こうやってレスポンスをもらえることは、本当にありがたいことだ。自己開示してよかったなと心底思う。

 

 

友人の言う通り、僕はまだ完全に自分のことを受け止められていない。最近になってようやく少しずつ自分を肯定できるようになってきたが、まだまだコンプレックスはたくさんある。人の顔色をうかがって動けない時も、自分が嫌になって家に引きこもる時もある。自分を否定して自らを傷つけてしまう時もある。自分の人と違う部分、足りない部分、劣っている部分を認められていない。「自分は自分でいていいんだ」という感覚が抜け落ちている。

 

本来、人はそれぞれ違うのが当たり前で、誰かと比べて何かが足りなかったり劣っていたりするのも当たり前だ。でも僕は、幼い頃から親や先生に怒られないように「いい子」でいなきゃいけないと思い込んできた。周りの空気を乱すくらいなら、僕なんかの意見は言わないほうがいい、僕の中に押さえ込んでいればそれで平和なんだと思っていた。違うことは、いけないことだと思っていた。そうして生きているうちに、本当の自分がわからなくなった。自分自身に違和感を抱きながらも、その違和感に向き合うことがこわくて、自分を否定し続け、周りに流され続けた。

 

 

 

僕はまだ、自分自身を形作っている途中なのだと思う。自分を受け止めきれていないから、誰かを救うことで満足しようとしているのかもしれない。

でも、今はそれでもいいのだ、と思う。20年以上生きてきてまだこの状態なのに、「自己肯定感 あげる 方法」でググって出てきた記事を読んだだけで、「自分は自分でいていいんだ!」なんて一朝一夕で自分を肯定できるようになるとも思わない。
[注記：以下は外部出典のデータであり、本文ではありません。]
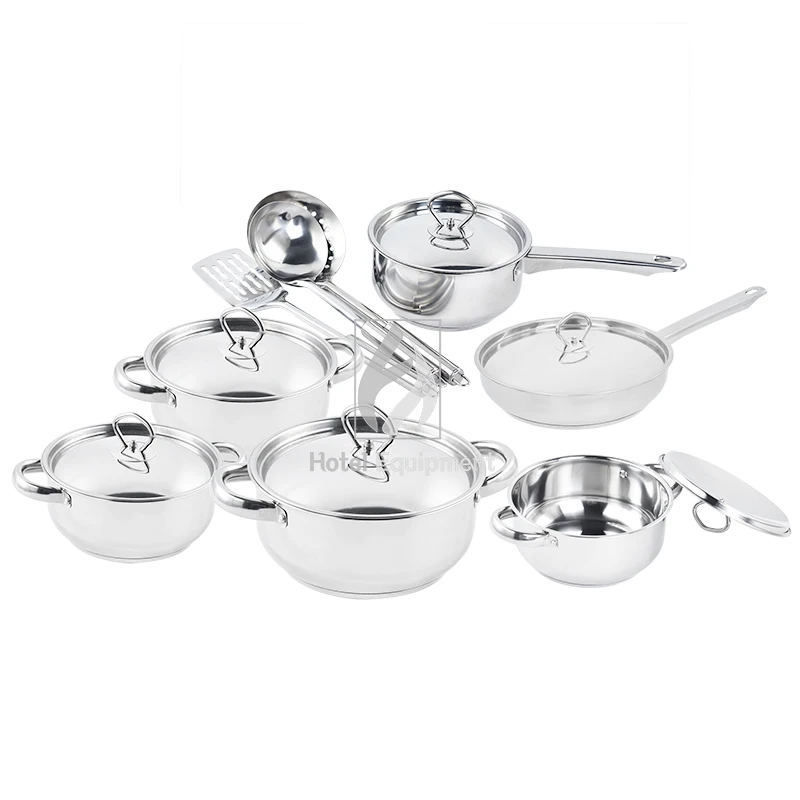 

Professional 15 piece pots pans set SS cookware set food camping pot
少しずつでいいのだ。今頑張りたいことをがむしゃらに頑張って、いろんな人と会って話して考えて、いろんな景色を見て世界は広いな〜って感じて、少しずつ少しずつ強くなっていきたいと思う。そういうもんだと思う。そうしてもがき続けているうちに、ふと「あ、おれ、自分を受け止められるようになったな」って思える瞬間がやってくるのだと思いたい。その時には、それまでエネルギーを向けていた野心が完全になくなるのかもしれないし、小さくなるのかもしれない。全然別の思いが芽生えるかもしれない。でもその時には、それはそれでいいと思える自分になっている。だから、きっと大丈夫だ。

 

 

自分をすきになれない人。人と違う自分を受け入れられない人。いくつもの呪いで自分を縛り付けている人。

一緒に、もがいてみましょう。自分の弱さから目を背けず、向き合ってみましょう。

向き合い続ければ、いつか、誰もが人と違う部分を持っているのなんて当たり前なんだから、別に違ってもいいじゃん!って、どうでもよくなる日がきっとくる。自分を完全に解き放って、自由になれる日がくる。自分のことを大切にできるようになれば、きっと周りの人のことももっと大切にできるようになる。

多くの人が、自分と人との違い、人と人との違いを認めて愛せるようになれば、もっともっと生きやすい社会になる。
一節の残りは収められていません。